È vero che Elsa non ha par­lato che di ciò che ha cono­sciuto: sua madre, il padre uffi­ciale da cui ha preso il cognome e quello bio­lo­gico, i fra­telli («che io tra­sformo in cugini in Men­zo­gna e sor­ti­le­gio»), gli amori e gli amici. È però altret­tanto vero che tutta que­sta mate­ria umana, stretta fra un biso­gno di con­fes­sione più auten­tico addi­rit­tura di quello di Rous­seau e un istinto nativo della fin­zione, non ha biso­gno di con­ser­vare una strin­gente somi­glianza col modello di par­tenza per giun­gere al suo supremo grado di verità. Sem­mai, è vero il con­tra­rio, per­ché la scrit­tura non fa che rive­lare l’archetipo nasco­sto nell’esistenza del sin­golo («sono là, da secoli, io li ho sem­pli­ce­mente messi sotto la luce del nostro tempo»).

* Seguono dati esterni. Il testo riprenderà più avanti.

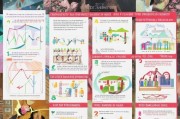 结婚可以申请哪些补贴？一文详解各地政策与申领指南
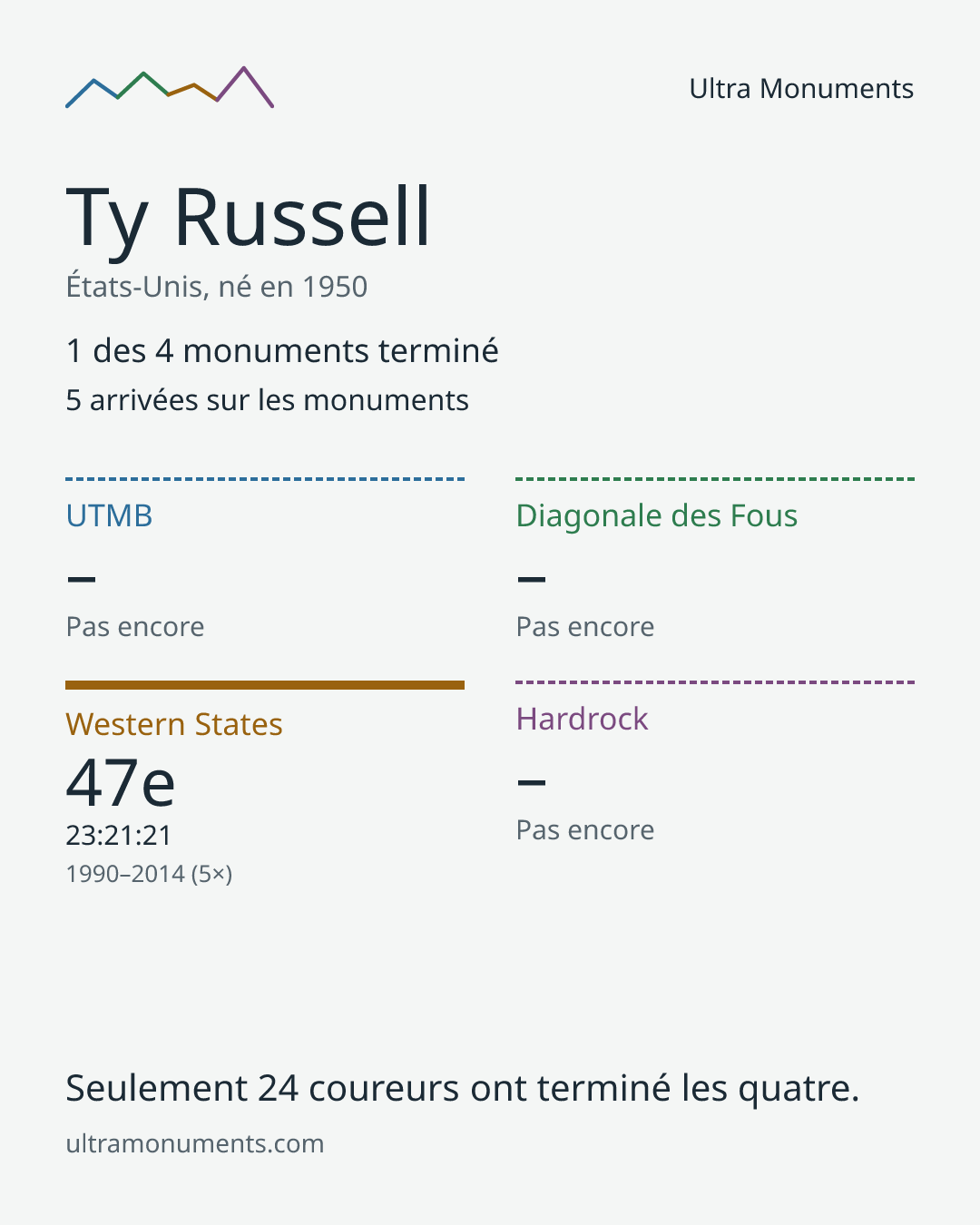 Carte des résultats de Ty Russell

Ciò signi­fica che qua­lun­que «modello» Elsa abbia tenuto di fronte men­tre imma­gi­nava i suoi romanzi, è vero e irri­co­no­sci­bile nello stesso tempo. Ne è stata rica­vata un’essenza, simile alle anime che Dante spreme dalle vite dei suoi per­so­naggi: corpi imma­te­riali che però pati­scono, mol­ti­pli­cati, tutte le gioie e tutti i dolori della greve esi­stenza ter­rena. Più che un metodo, Elsa Morante sta con­fi­dando al suo tra­dut­tore una potenza psi­chica che ha finito per distrug­gerla, un eser­ci­zio della memo­ria che ha l’efficacia di un sacra­mento e l’incertezza di un’ordalia. Un modo di scri­vere, infine, che non è stato altro, per que­sta divina bar­bara, che l’unica strada da per­cor­rere per vivere fino in fondo la sua vita.